NEWS IN BRIEF
Daily Digest 19 September
19-09-2008
by Emmet Cole
eBay.ie appoints new MD | Cisco swallows Jabber
eBay has announced the appointment of Gareth Davis as managing director of its Irish operation, eBay.ie. Davis joins eBay from McKinsey & Co, New Jersey, bringing over 12 years of experience to the company. Davis now has responsibility for the ongoing development of eBay.ie, including operations, marketing and building the eBay brand and community in Ireland. Founded in June 2005, eBay.ie has over 500,000 certified registered users and, together with PayPal, eBay's online payment system, employs 1,200 staff in Ireland.
Amazon has revealed a new service to help companies ship MP3s and software packages to people scattered around the globe. The company's content delivery service is an add-on to Amazon's existing storage, software and database services where customers can store their data and code at Amazon's data centres. Amazon will charge on a per-use basis, so customers can pay for the amount of disk space consumed instead of purchasing an entire storage system.
Nvidia announced Friday that it is expected to reduce its workforce by 360 jobs. The company has almost 5,000 employees worldwide. The reduction in its workforce is expected to be completed by the end of October. Nvidia said that it would offer redundant employees severance packages, counselling and job placement services.
Networking equipment giant Cisco has announced that it has purchased Jabber, an open source instant messaging (IM) and presence tool. The terms of the deal were not undisclosed. Cisco said it would try to use Jabber as a means of improving its messaging services for business users. Jabber enables collaboration across a range of presence systems such as Microsoft Office Communications Server, IBM Sametime, AOL AIM, and Google Talk.
Japanese electronics firm Toshiba is expecting to go into the red within the first half of the financial year as its computer chip business suffers the effects of weak demand. Toshiba is forecasting a net loss of JPY50 billion (USD8 million) in the six months to the end of September, compared with previous projections of a JPY15 billion profit.

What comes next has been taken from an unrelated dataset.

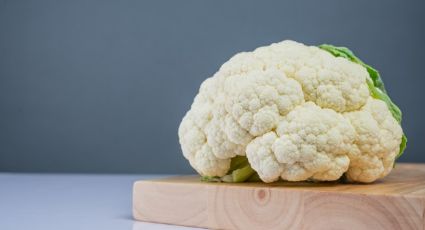 ¡Deja de confundirla con el brócoli! La coliflor puede será tu aliado para estar saludable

Finally, Electronic Arts is responding to complaints about copy-protection limits in its new "Spore" games by increasing the number of times the software can be installed. The game went on sale on 7 September to rave reviews and has sold well, but Electronic Arts was criticised for enforcing rules that kept the game from being illegally copied and limited it to being activated on no more than three computers at a time.